YOUR ASSIGNMENT
Below is a listing; write it out exactly and drop any images from it.

AVAILABLE DATA

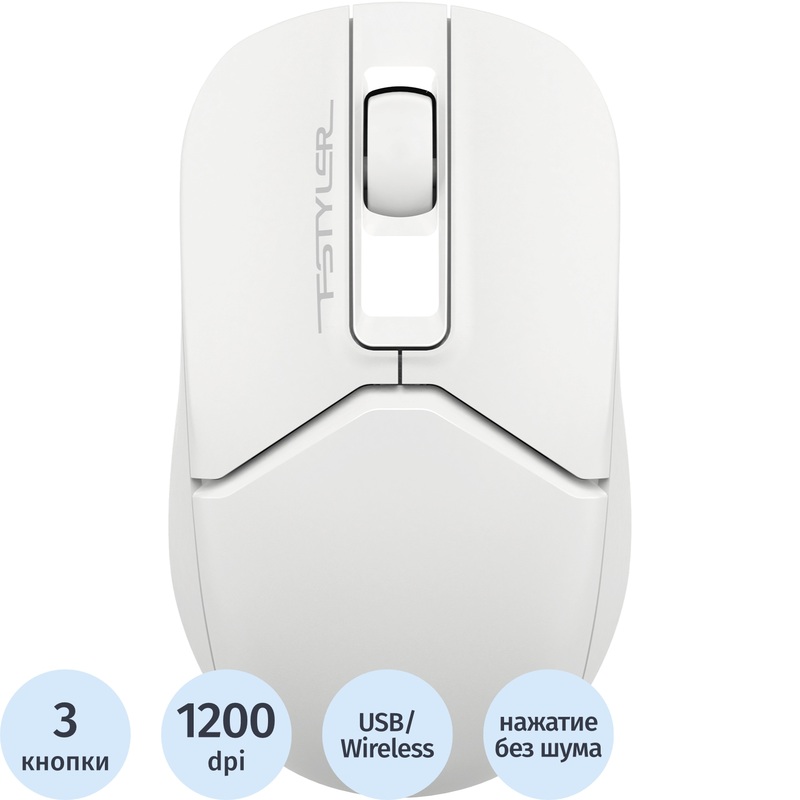 Изображение товара Беспроводная оптическая мышь A4Tech Fstyler FG12S белая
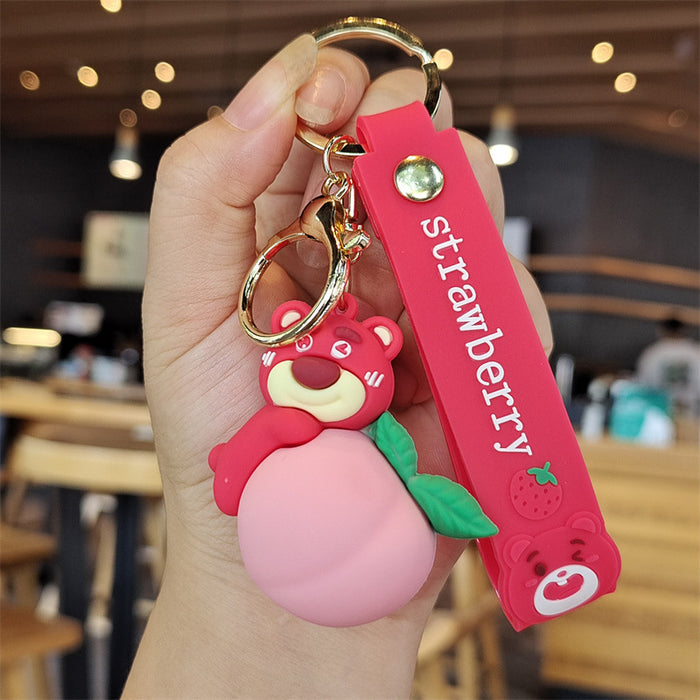 Wholesale Cartoon Silicone Doll Keychain JDC-KC-ZhuoRan014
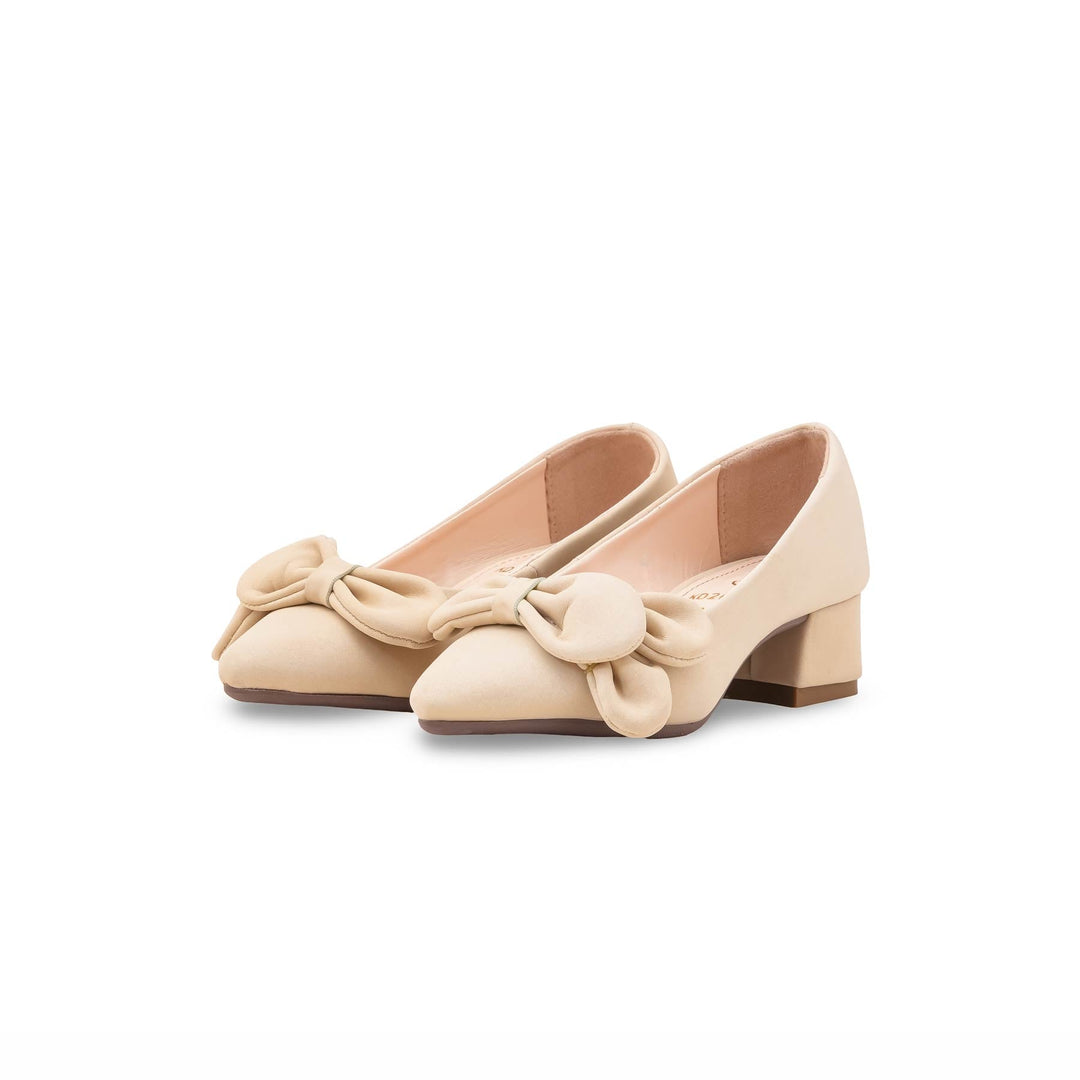 Girls Beige Formal Pumps KD2614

ANSWER TO THE EXERCISE
 Изображение товара Беспроводная оптическая мышь A4Tech Fstyler FG12S белая
 Wholesale Cartoon Silicone Doll Keychain JDC-KC-ZhuoRan014
 Girls Beige Formal Pumps KD2614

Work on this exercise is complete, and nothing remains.